Le premier couvre-feu à 21 heures a vidé Bastia de sa vie et de ses noctambules, samedi soir. Déambulation dans une ville vide.
Ismaël a le quai des Martyrs pour lui tout seul, alors il en profite pour jouer un peu avec la montre et prendre une dernière respiration, les yeux rivés vers la mer noire et silencieuse comme la nuit qui s’annonce.
"Tant que je les vois pas passer, dit le gaillard de 34 ans à la voix rauque en parlant des patrouilles de police. Mais j’habite juste-là et ce soir, on respecte. Si tu te fais attraper le premier jour à une heure du matin, on va te le faire comprendre."
Bastia n’a pas attendu 21 heures pour se vider. Une heure plus tôt, la place Saint-Nicolas commençait déjà à perdre ses touristes et autres visiteurs du samedi soir. Le café Albert 1er vit sa dernière soirée avant six semaines de tunnel. Brigitte Grimaldi, la patronne, a décidé de fermer. Elle est un "peu blasée, dépitée" et concède que "l’ambiance est mauvaise".
Ici, la majorité des clients est partie plus tôt mais certains profitent d’un dernier verre sous le regard de la propriétaire. Les serveurs rangent les tables qui raclent le sol, les mines sont mornes et bientôt, la place sera vide.On est partis pour six semaines de galère, comme ça on arrivera à Noël avec encore moins de sous.
En attendant, Marie et Ornella s’offrent un dernier repas au restaurant voisin. L’œil attentif à l’heure qui file, les deux jeunes femmes l’ont mauvaise. "Je suis totalement déprimée", souffle Ornella, qui n’a pas envie de passer toutes les soirées à "être dans sa chambre et à regarder la télé".
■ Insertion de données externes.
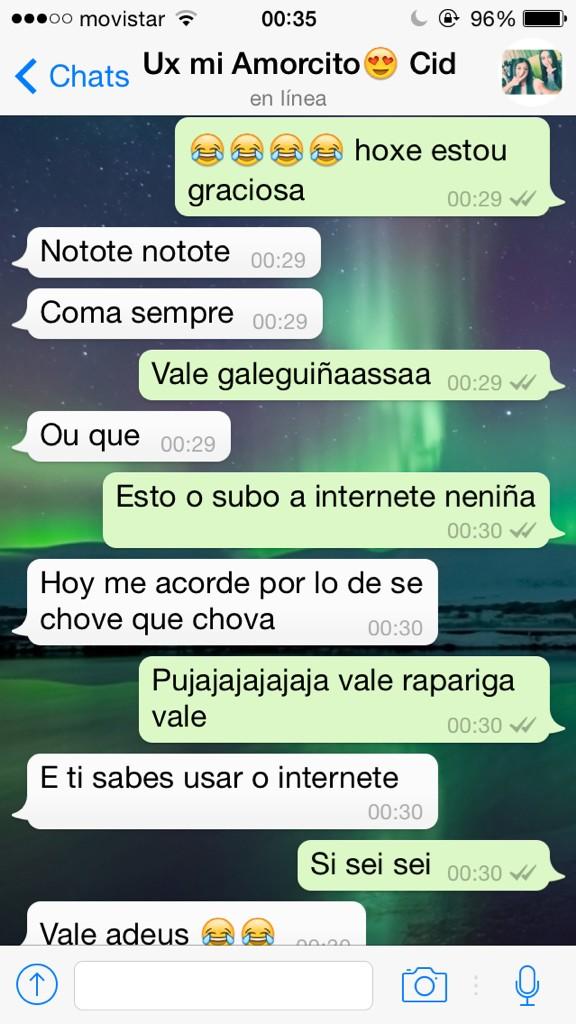 anablanco_99's tweet photo. A galeguiña me comentan 😂😂😂😂 querote pola vida @uxiacidr http://t.co/GX9COUeihz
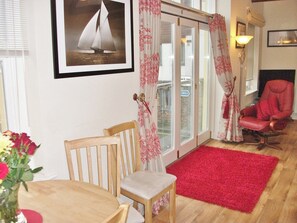 Open plan dining Area | Watch House, Fowey
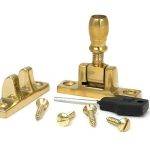 Mushroom Brighton Fastener - Narrow (Square)
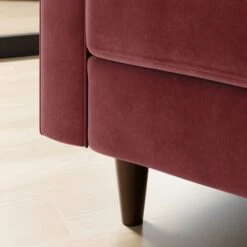 Zoe Velvet Armchair 22 Zoe Velvet Armchair -Habitat Store 30893220 alt03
Il y a de la fatalité dans l'air, et personne dans les rues ce samedi soir. Le vieux port est vide, presque aphone. Ne reste que le bruit des voitures, le tintement des mâts de voiliers et la brise. La Citadelle, le boulevard Paoli, le palais de justice : le paysage est le même, et les voitures se font de plus en plus rare à mesure que la nuit grignote la soirée.